▶ Exercise directions
Write out again the lines from the line with "The image features" up to and including the line with "アジアの女の子は寝室で熱い飲み物を飲む", exactly as they stand below, and skip any picture.

START Records for the exercise

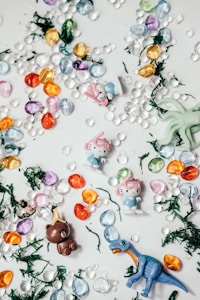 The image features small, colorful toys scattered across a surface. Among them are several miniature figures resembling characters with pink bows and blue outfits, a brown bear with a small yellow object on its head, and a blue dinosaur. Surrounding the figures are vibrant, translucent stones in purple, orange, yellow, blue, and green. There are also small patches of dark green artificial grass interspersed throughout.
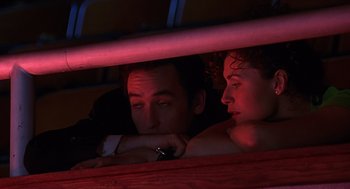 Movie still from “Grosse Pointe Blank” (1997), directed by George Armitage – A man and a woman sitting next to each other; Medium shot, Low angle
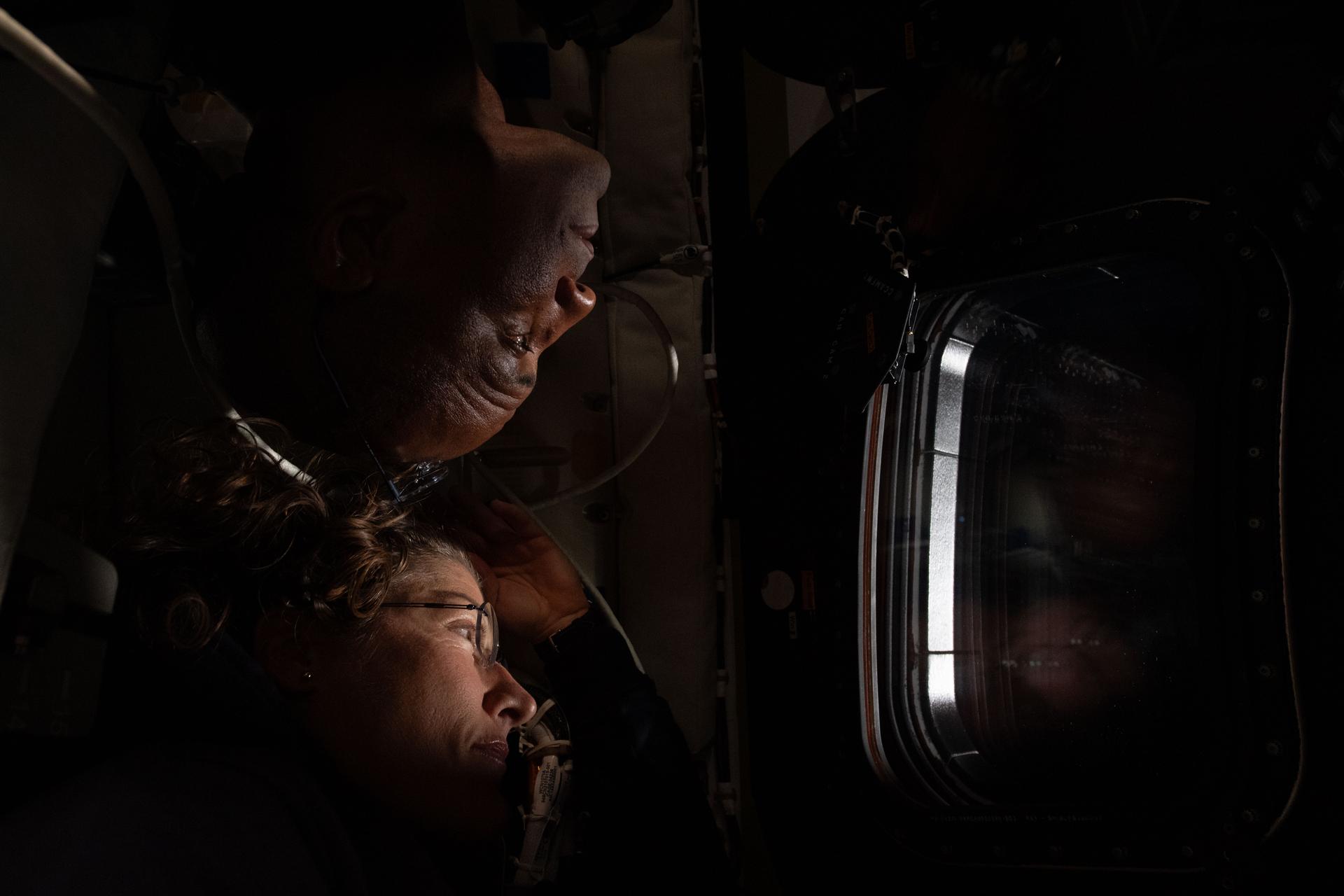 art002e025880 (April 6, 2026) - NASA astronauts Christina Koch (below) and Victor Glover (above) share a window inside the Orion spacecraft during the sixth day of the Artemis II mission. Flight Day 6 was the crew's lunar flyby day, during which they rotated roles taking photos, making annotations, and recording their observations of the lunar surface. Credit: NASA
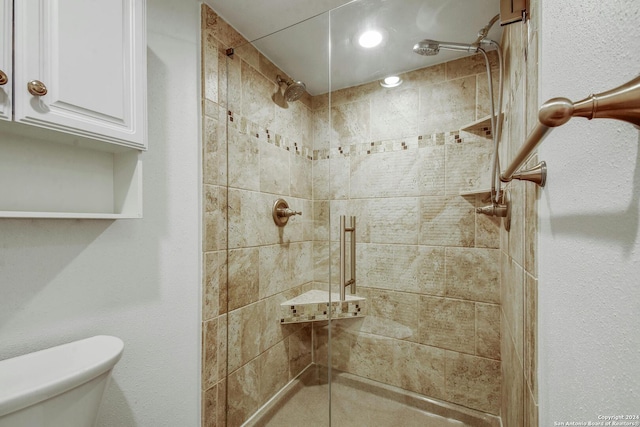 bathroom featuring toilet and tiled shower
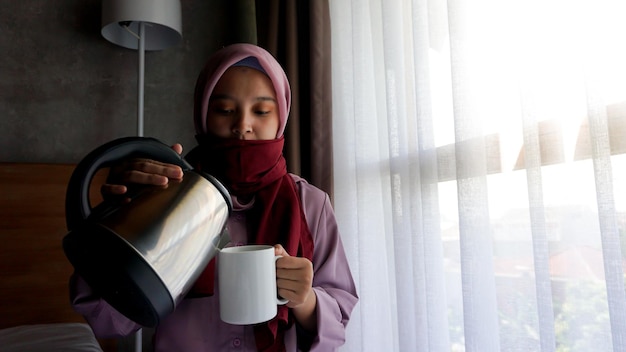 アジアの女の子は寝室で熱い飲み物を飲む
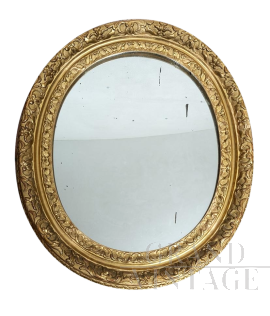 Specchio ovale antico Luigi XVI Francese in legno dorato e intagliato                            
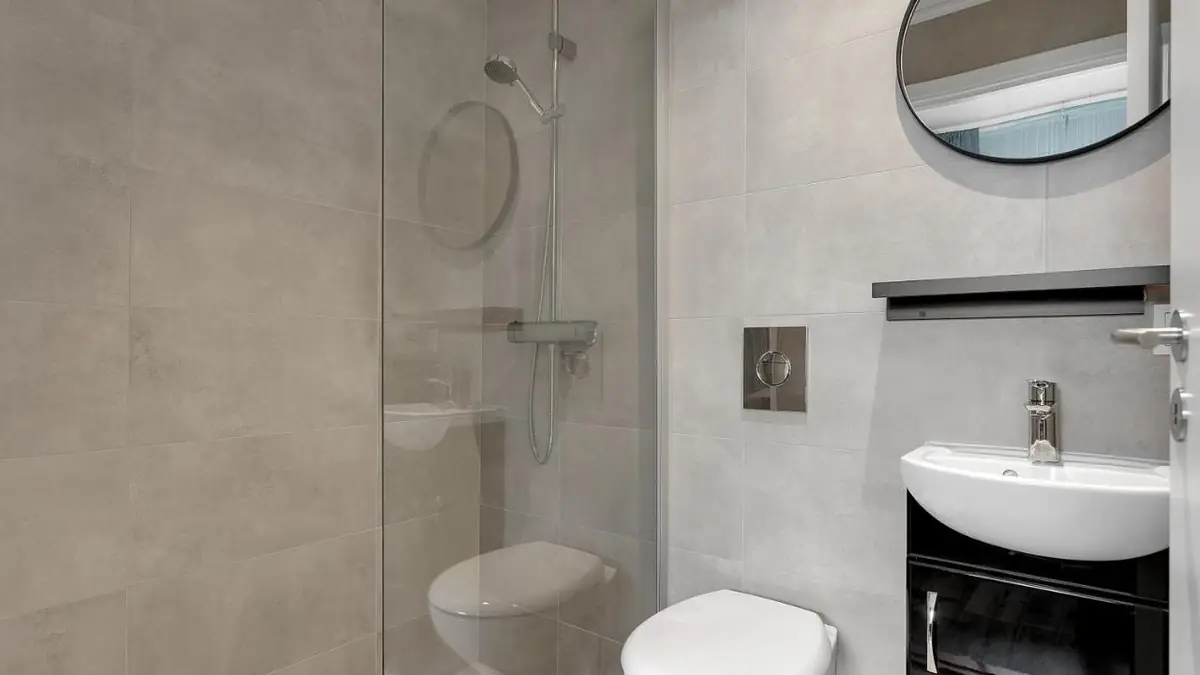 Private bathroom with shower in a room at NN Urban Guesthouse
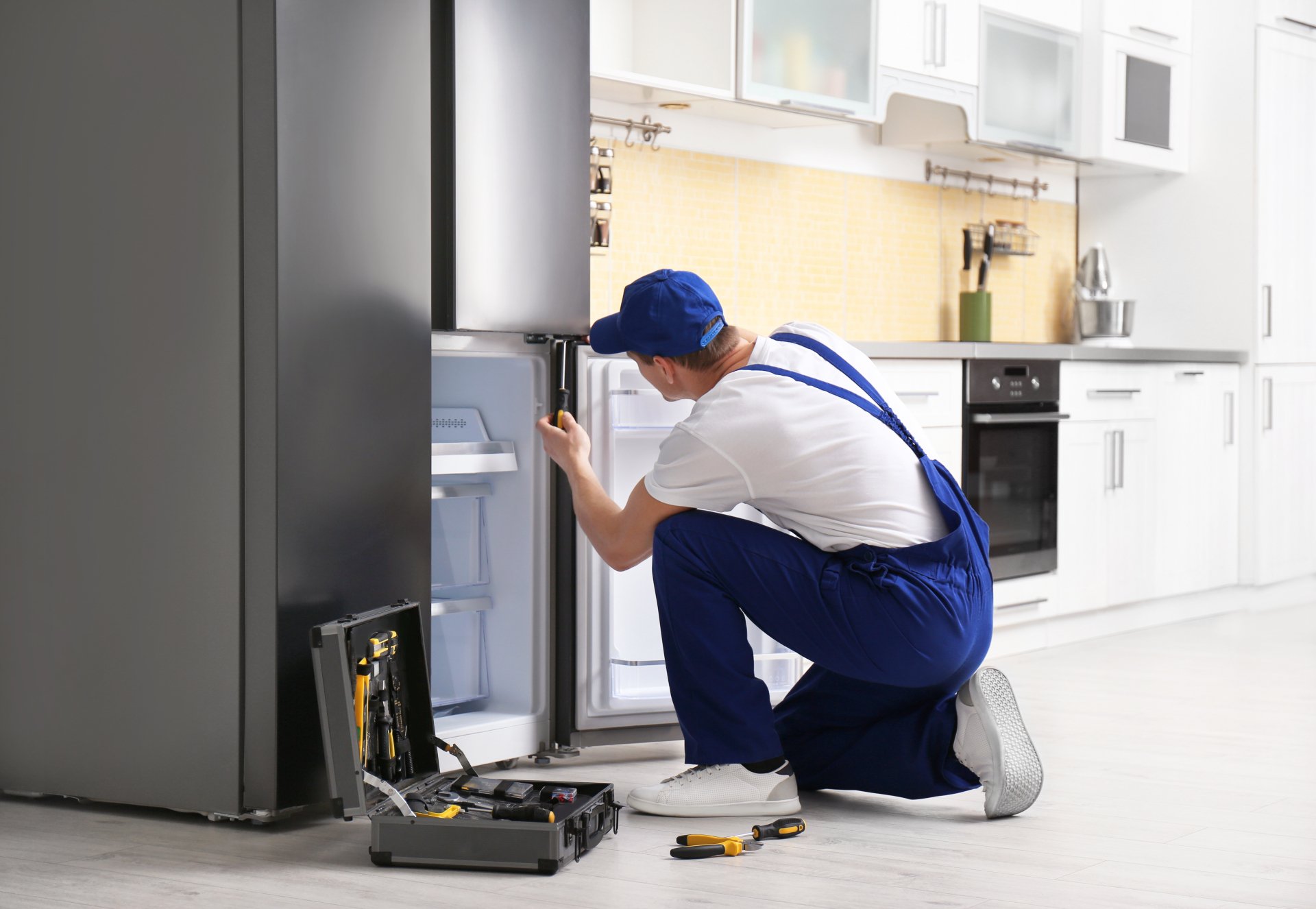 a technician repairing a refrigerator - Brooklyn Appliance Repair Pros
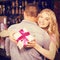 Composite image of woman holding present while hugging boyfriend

END Records for the exercise
START Records for the exercise

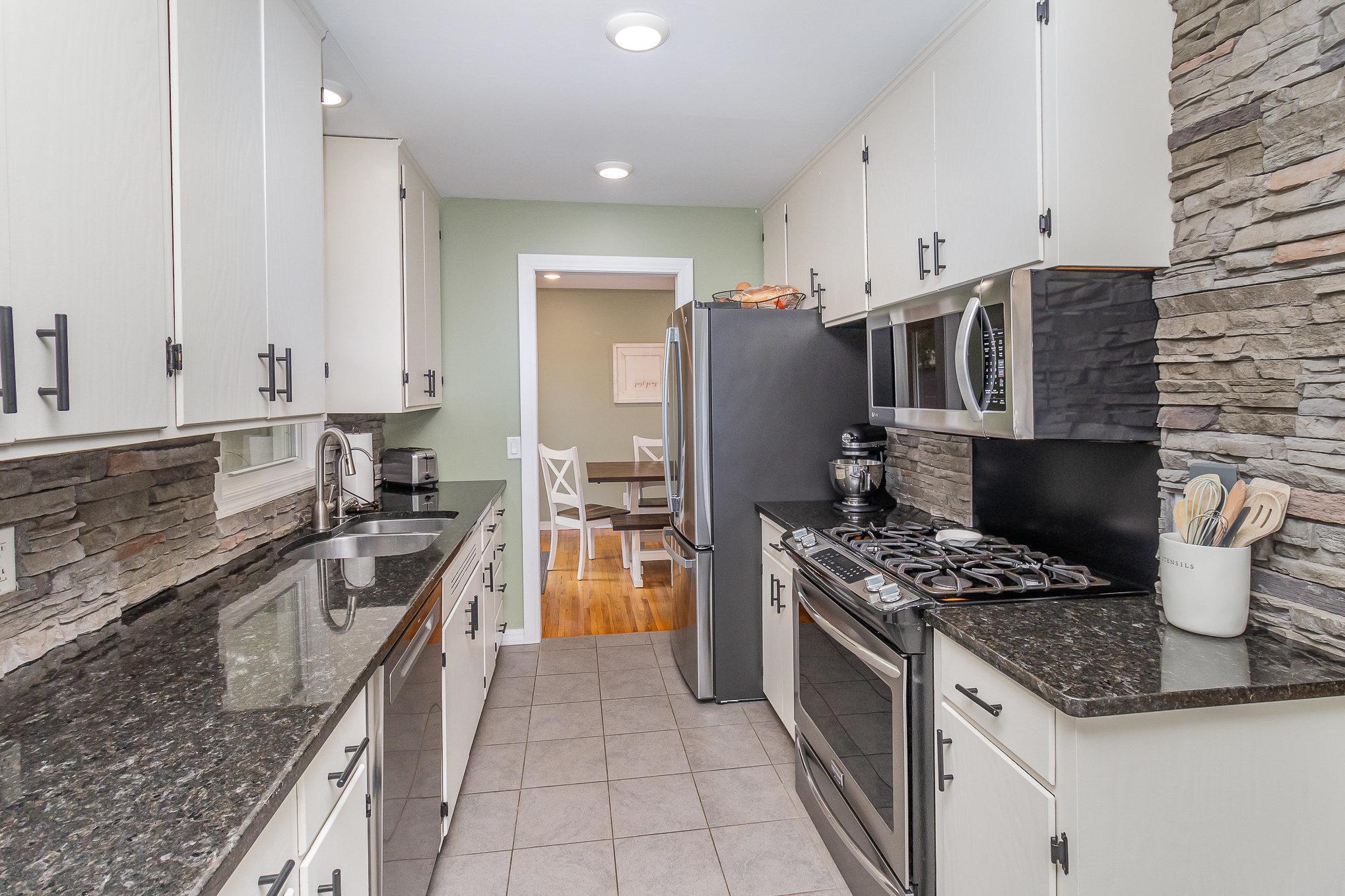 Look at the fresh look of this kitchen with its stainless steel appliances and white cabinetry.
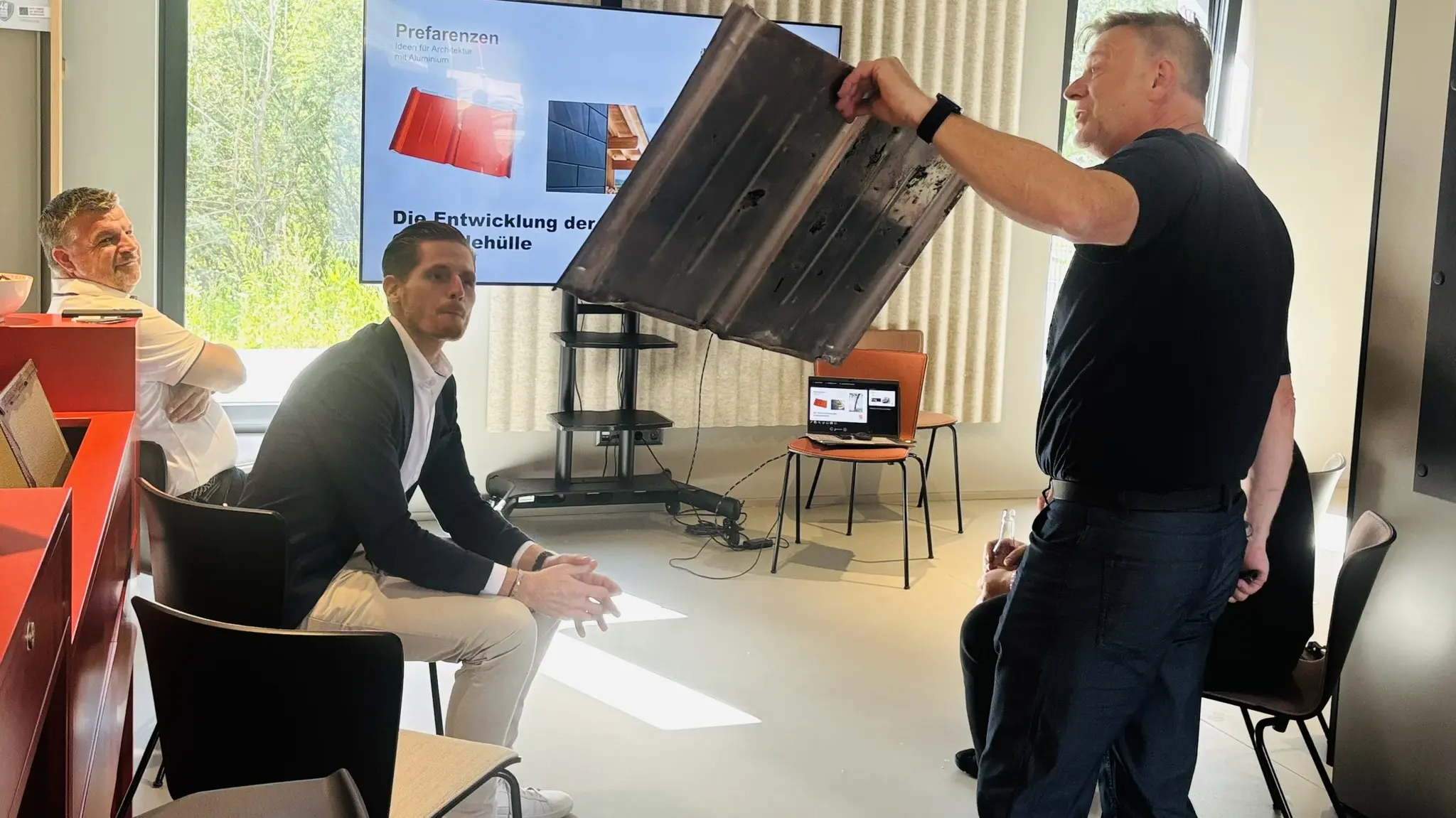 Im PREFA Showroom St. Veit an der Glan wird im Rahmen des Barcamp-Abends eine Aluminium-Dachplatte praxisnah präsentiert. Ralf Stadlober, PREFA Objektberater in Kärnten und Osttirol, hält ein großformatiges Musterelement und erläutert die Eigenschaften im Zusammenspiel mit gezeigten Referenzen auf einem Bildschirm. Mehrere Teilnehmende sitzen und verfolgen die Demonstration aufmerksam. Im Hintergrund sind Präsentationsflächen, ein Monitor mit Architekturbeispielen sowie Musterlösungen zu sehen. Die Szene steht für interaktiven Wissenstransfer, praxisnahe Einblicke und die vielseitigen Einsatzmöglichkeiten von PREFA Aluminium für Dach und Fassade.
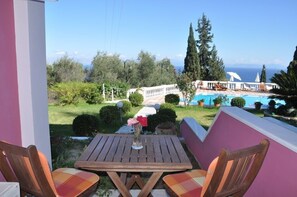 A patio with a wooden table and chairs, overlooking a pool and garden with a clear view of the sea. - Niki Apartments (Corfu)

END Records for the exercise
START Records for the exercise

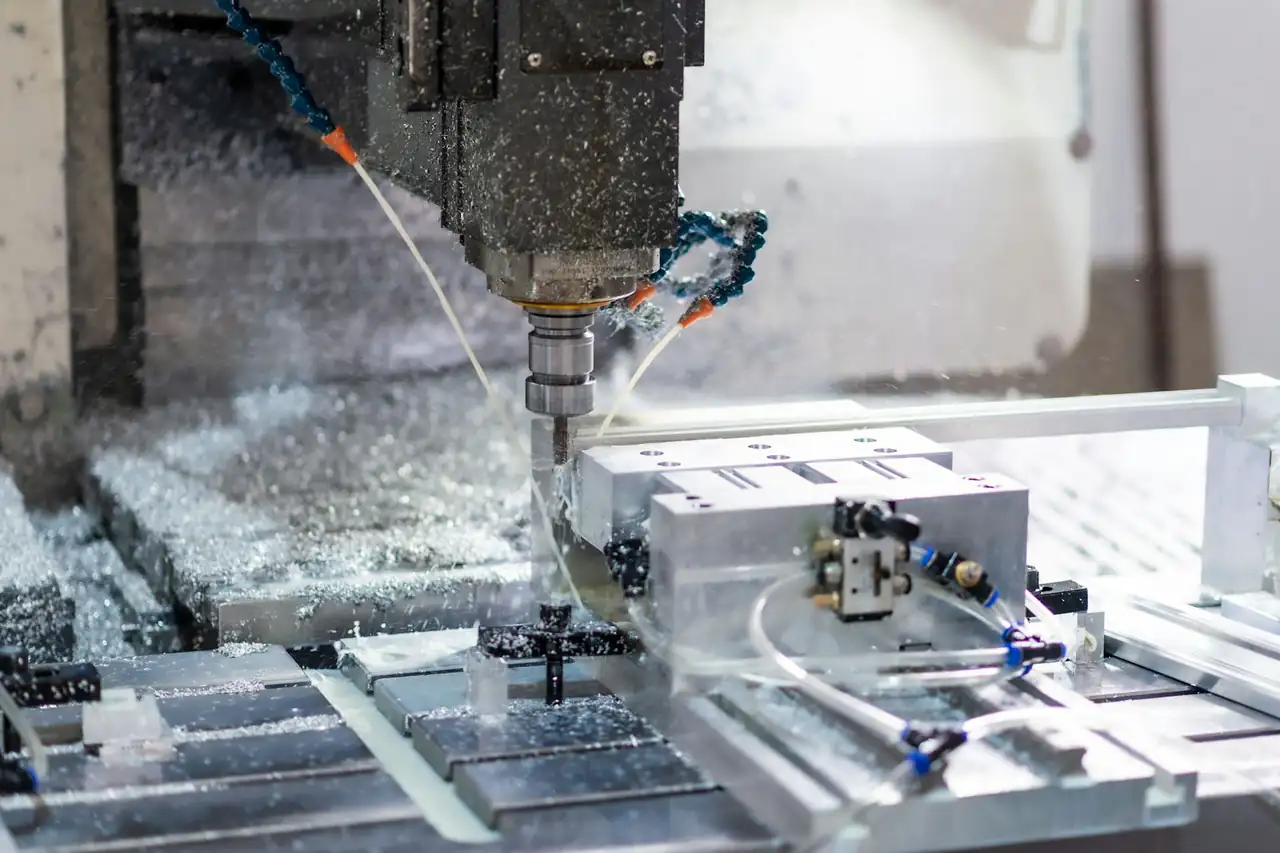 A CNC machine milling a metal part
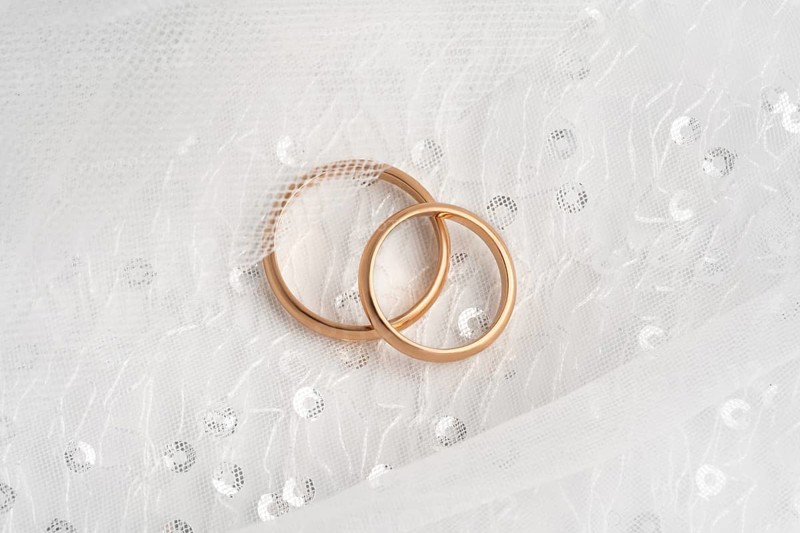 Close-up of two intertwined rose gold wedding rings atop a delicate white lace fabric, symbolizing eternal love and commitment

END Records for the exercise

▶ Answer to this exercise
 The image features small, colorful toys scattered across a surface. Among them are several miniature figures resembling characters with pink bows and blue outfits, a brown bear with a small yellow object on its head, and a blue dinosaur. Surrounding the figures are vibrant, translucent stones in purple, orange, yellow, blue, and green. There are also small patches of dark green artificial grass interspersed throughout.
 Movie still from “Grosse Pointe Blank” (1997), directed by George Armitage – A man and a woman sitting next to each other; Medium shot, Low angle
 art002e025880 (April 6, 2026) - NASA astronauts Christina Koch (below) and Victor Glover (above) share a window inside the Orion spacecraft during the sixth day of the Artemis II mission. Flight Day 6 was the crew's lunar flyby day, during which they rotated roles taking photos, making annotations, and recording their observations of the lunar surface. Credit: NASA
 bathroom featuring toilet and tiled shower
 アジアの女の子は寝室で熱い飲み物を飲む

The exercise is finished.